# Task prompt:
Reproduce the lines below exactly. Skip images.

# The data:
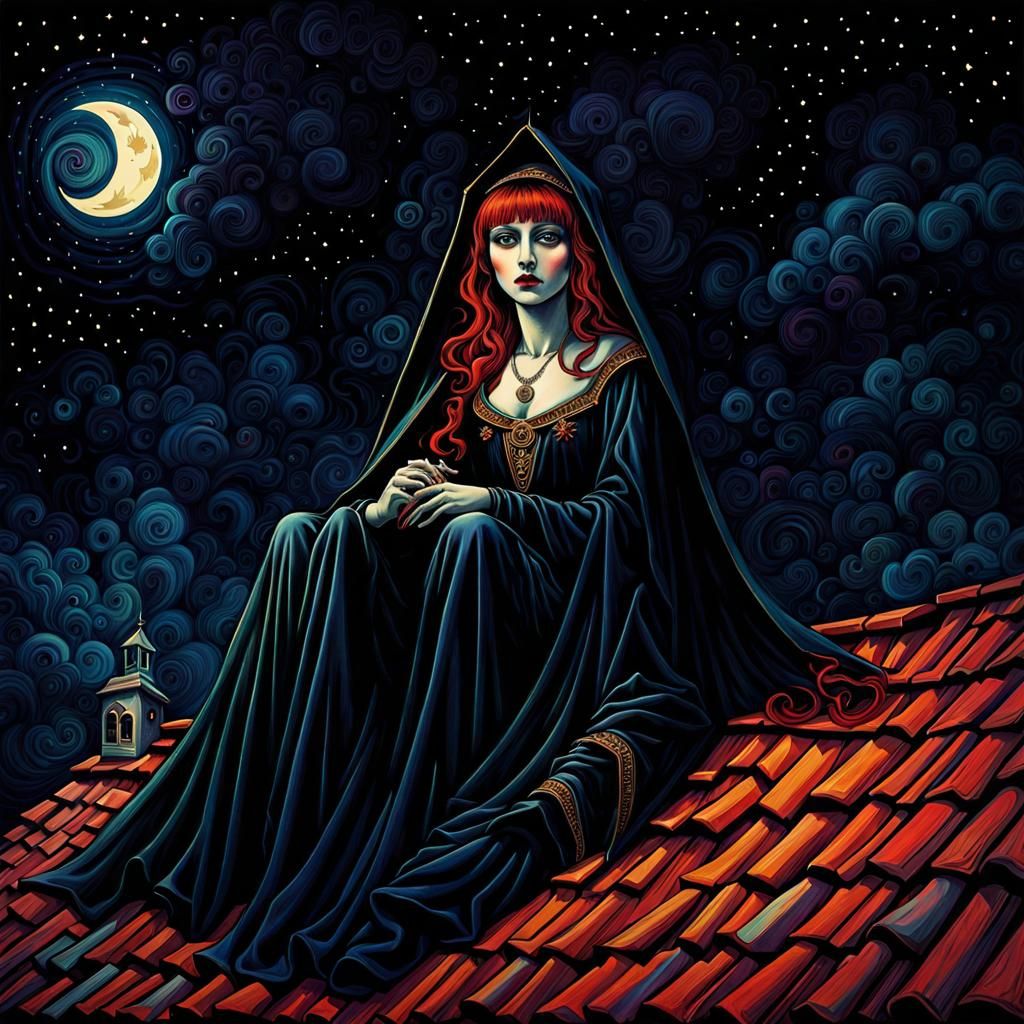 Emo Angel Vampire Witch on Gothic Rooftop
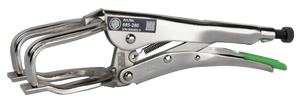 Stainless steel locking C-clamp pliers with adjustable screw and green handle grip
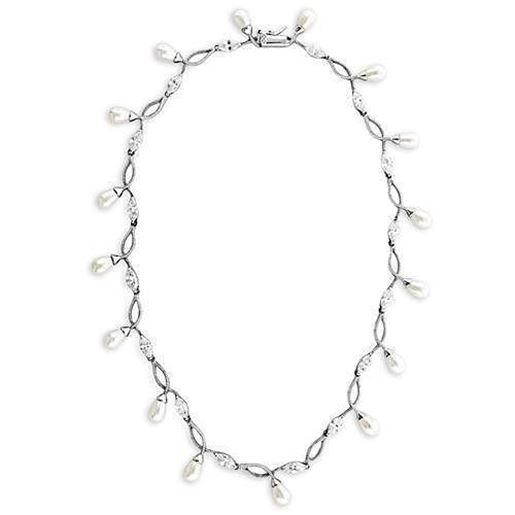 Picture of 7X420 - 925 Sterling Silver Necklace Rhodium Women Synthetic White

# Answer box:
 Emo Angel Vampire Witch on Gothic Rooftop
 Stainless steel locking C-clamp pliers with adjustable screw and green handle grip
 Picture of 7X420 - 925 Sterling Silver Necklace Rhodium Women Synthetic White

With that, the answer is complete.